= TASK PROMPT =
Go through the listing below and retype exactly the lines starting at the one with "Предварительный просмотр 2472" and ending at the one with "Dây mạng đúc sẵn 1m - 2m", skipping pictures.

***** DATA SHOWN

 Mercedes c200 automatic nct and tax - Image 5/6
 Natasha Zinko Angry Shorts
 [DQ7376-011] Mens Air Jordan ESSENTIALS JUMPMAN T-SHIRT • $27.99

**********
***** DATA SHOWN

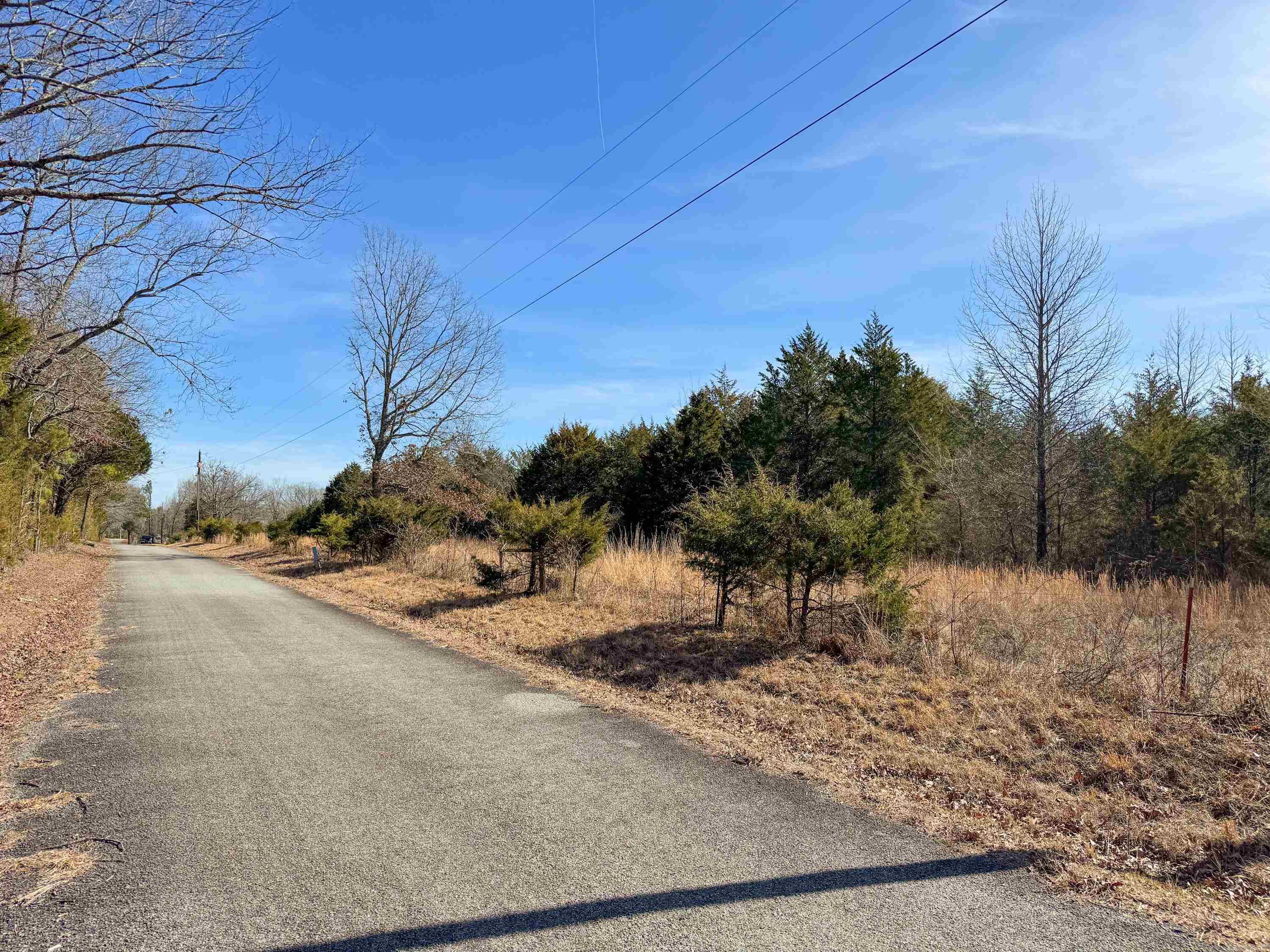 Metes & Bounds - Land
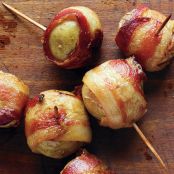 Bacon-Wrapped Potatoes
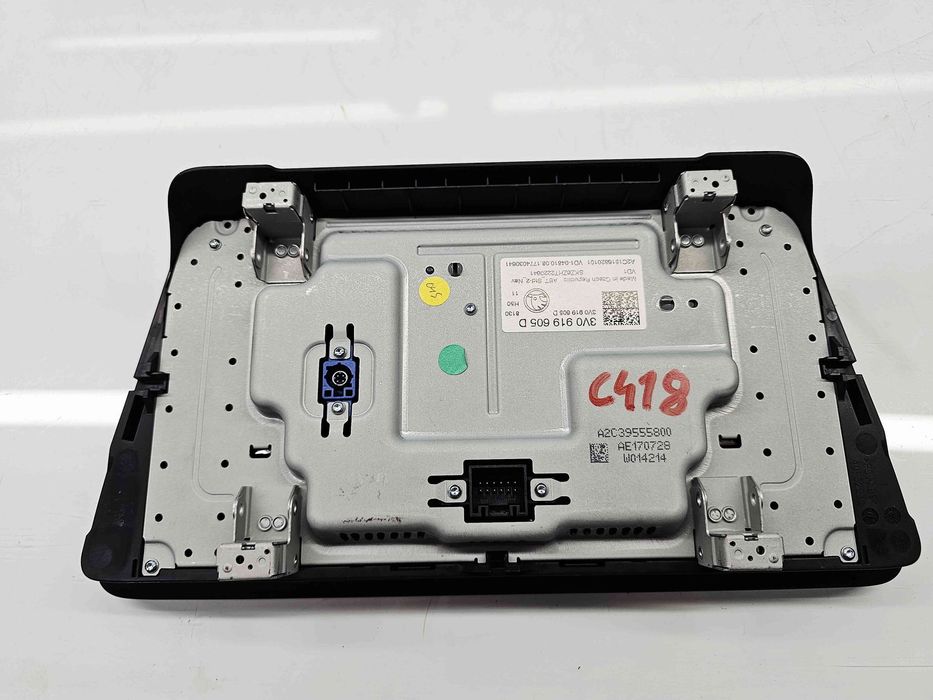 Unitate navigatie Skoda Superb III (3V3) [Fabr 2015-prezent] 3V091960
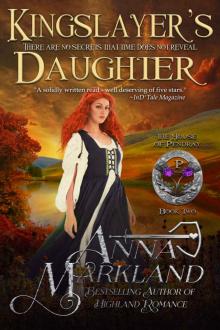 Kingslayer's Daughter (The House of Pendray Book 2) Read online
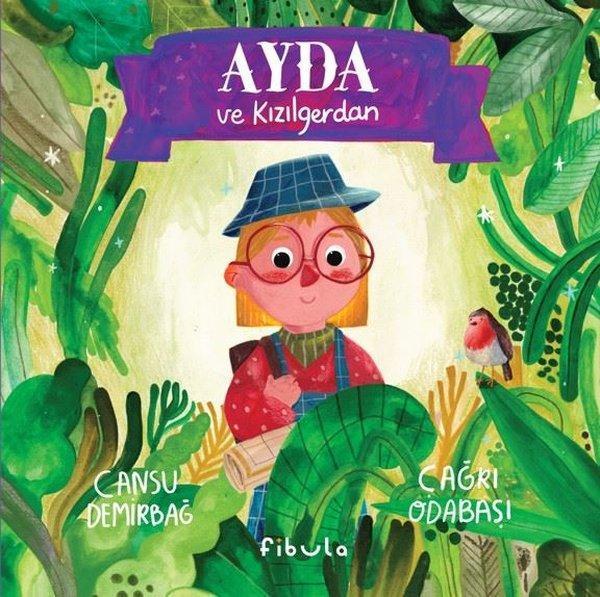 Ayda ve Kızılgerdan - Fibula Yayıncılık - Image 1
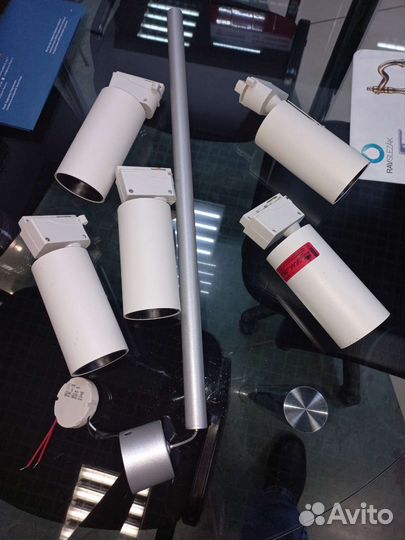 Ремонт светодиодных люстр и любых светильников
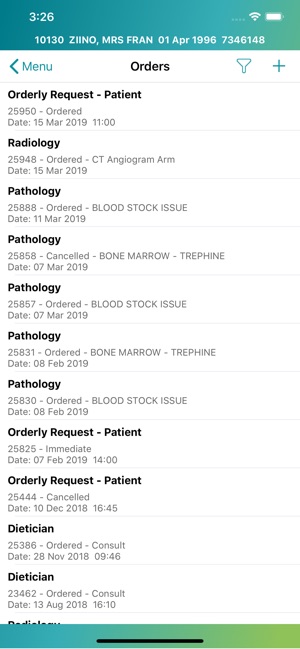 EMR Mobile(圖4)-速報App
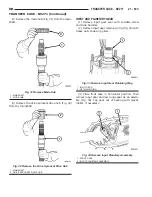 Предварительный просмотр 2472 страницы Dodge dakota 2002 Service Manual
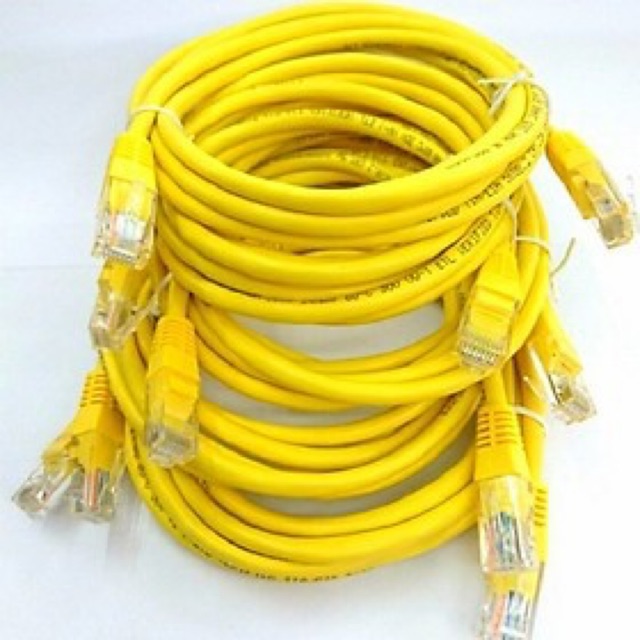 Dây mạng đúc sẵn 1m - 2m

**********
***** DATA SHOWN

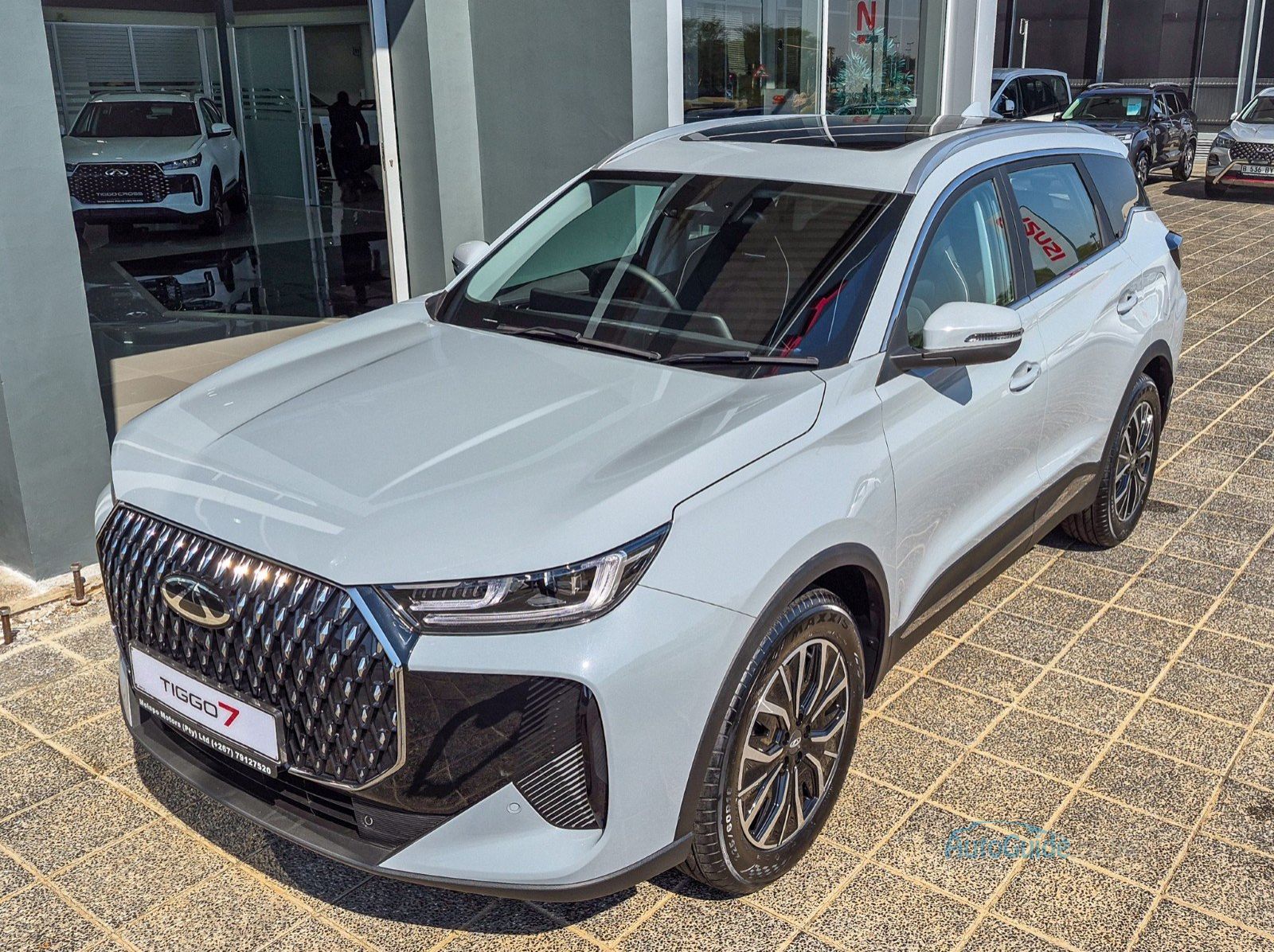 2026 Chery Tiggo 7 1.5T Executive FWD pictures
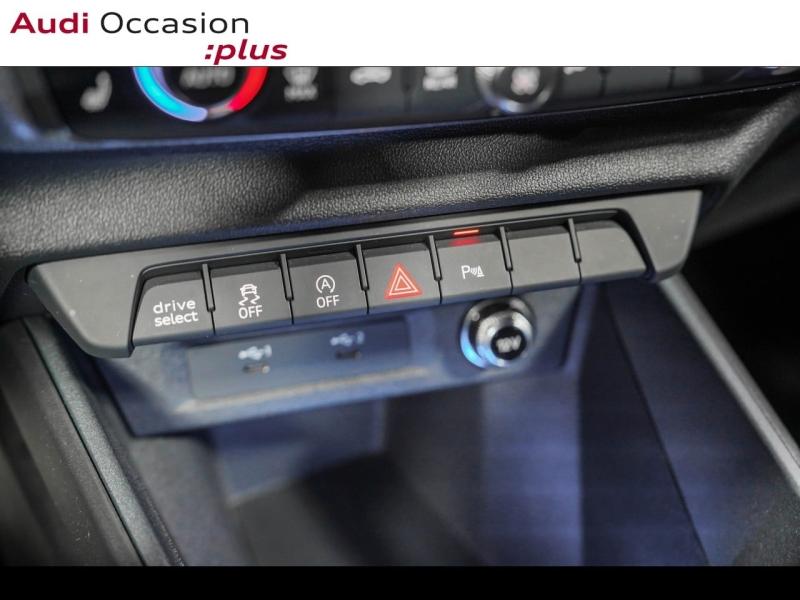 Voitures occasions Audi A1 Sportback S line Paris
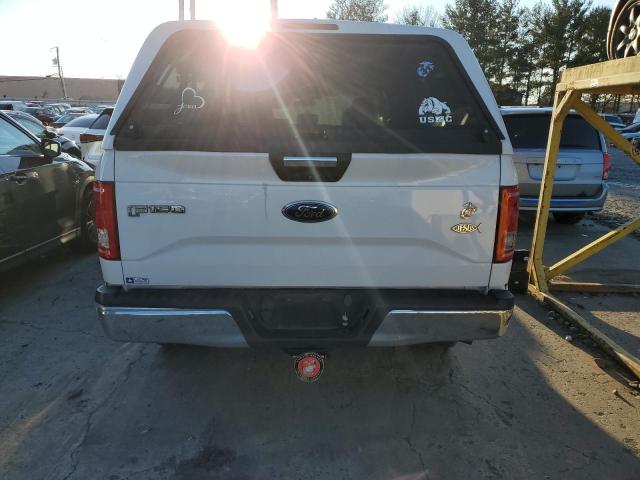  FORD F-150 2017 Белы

**********

= EXERCISE OUTPUT =
 Предварительный просмотр 2472 страницы Dodge dakota 2002 Service Manual
 Dây mạng đúc sẵn 1m - 2m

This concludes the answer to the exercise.